Can You Really Trust A Story?

How did you make your last decision to buy
something?

Who did you ask for advice or recommendations?

When I think about the last few times I made a
buying decision (booking tickets for our vacation
for example) I definitely asked for other
opinions. I did some research on-line, I asked
friends and family and then I went ahead and found
the best deal and booked the flights.

In truth, I was listening to other people’s
stories.

And we do this all the time.

It’s inconceivable to go ahead and spend money
(especially large amounts!) without first checking
out some other stories about the item we are
looking to buy.

So, how do we know that we can trust the story?

Last week my son (he’s 8!) told a great story. He
told his best friend’s mother that we were moving
to America; that we had decided to go and live
there for at least two years.

Later she said to me,”how wonderful, how
exciting; how brave of you to relocate the whole
family and take such a huge step…and to try
America, how fantastic!”

I thought she was being a little dramatic. I mean
a two week vacation in the U.S. does not exactly
equate to such a huge step, to such wonder and
bravery!

I looked at her strangely and after a few minutes
of this kind of back and forth bantering, we
realized that there was some kind of
misunderstanding.

Then she told me what my son had told her and we
started laughing!

My son and I had a little conversation about the
difference between embellishment, imagination and
truth!

And it got me thinking – how do you really trust a
story?

We have fast food joints setting up a salad bar
and marketing themselves as the healthy food
option.

And every second ‘guru’ on-line is promising
amazing fame and fortune in a matter of days and
just a few clicks.

So what story do we trust?

Well, this might sound radical. It may sound a bit
strange. But it works.

If you really listen to the story, you know.

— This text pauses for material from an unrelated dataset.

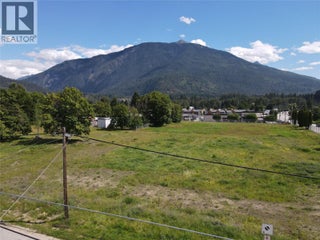415 Downie Street. Revelstoke, British Columbia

Authenticity is recognizable a mile away. You
can’t miss it if you’re really listening, if
you’re really watching.

When a person tells a story from the heart, you
can feel it. The energy is completely different
and the message penetrates in a physical way. You
get that gut feeling and it sounds something like
a sigh.

You immediately get the feeling and the thought
appears that tells you “now this I can trust.”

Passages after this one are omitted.